Kisah mesra mereka harus berakhir setelah pemerintah Australia pada awal abad ke-19 mewajibkan setiap pelaut untuk memiliki izin dan membayar semacam pajak jika hendak memancing atau memanen teripang di kawasan Australia.
“Ada kabar bahwa sejumlah nakhoda dari Makassar sudah diberi tahu bahwa mereka tidak bisa lagi datang karena Balanda (sebutan penduduk asli untuk bangsa Eropa) yang ada di Pelabuhan Darwin tidak mengizinkan mereka berlabuh. Sejumlah tetua Yolngu ingat betul bagaimana ayah atau kakek mereka berurai air mata ketika para nakhoda dari Makassar itu menyampaikan kabar ini,” tutur Richard.
“Banyak penduduk Yolngu yang mengecam cerita itu. Mereka mengatakan ‘siapa Balanda-balanda itu?
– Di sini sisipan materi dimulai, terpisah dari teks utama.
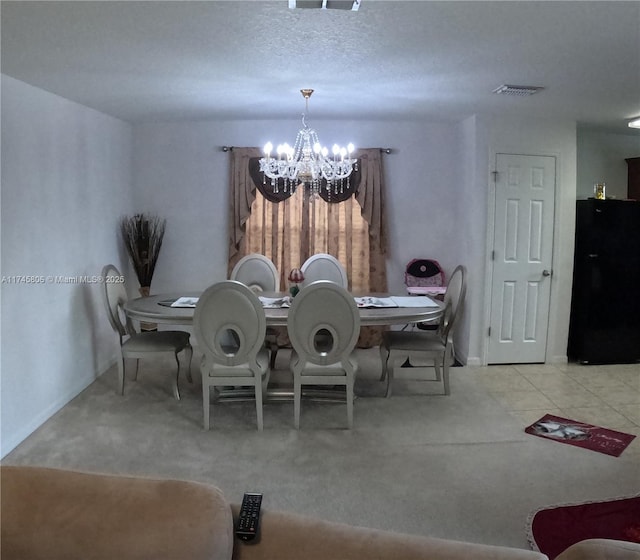 dining area with a chandelier, visible vents, and carpet floors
Mereka tak ada urusan dengan perjanjian kerja sama yang resmi antara klan kita dan pelaut dari Makassar’,” tambahnya kemudian.
Sejak saat itu, mulai tahun 1906, tak ada lagi pinisi yang datang ke Arnhem Land. Kehidupan menjadi sulit bagi penduduk Yolngu ketika perdagangan dengan pelaut Makassar berhenti.
Memang ada kapal-kapal baru yang datang dan pergi di perairan Arnhem Land yang kini termasuk dalam negara bagian Northern Territory, Australia. Namun, bukannya untuk berdagang seperti pelaut Makassar, mereka malah mencuri.
Segalanya telah berubah….

dok.Richard Trudgen Peta rute perjalanan pinisi yang berisi para pelaut dari Makassar menuju perairan Arnhem Land di timur laut Australia seperti yang tercantum dalam buku "Why Warriors Lie Down and Die" karya Richard Ian Trudgen, pendiri dan pimpinan Aboriginal Resource Development Services (ARDS).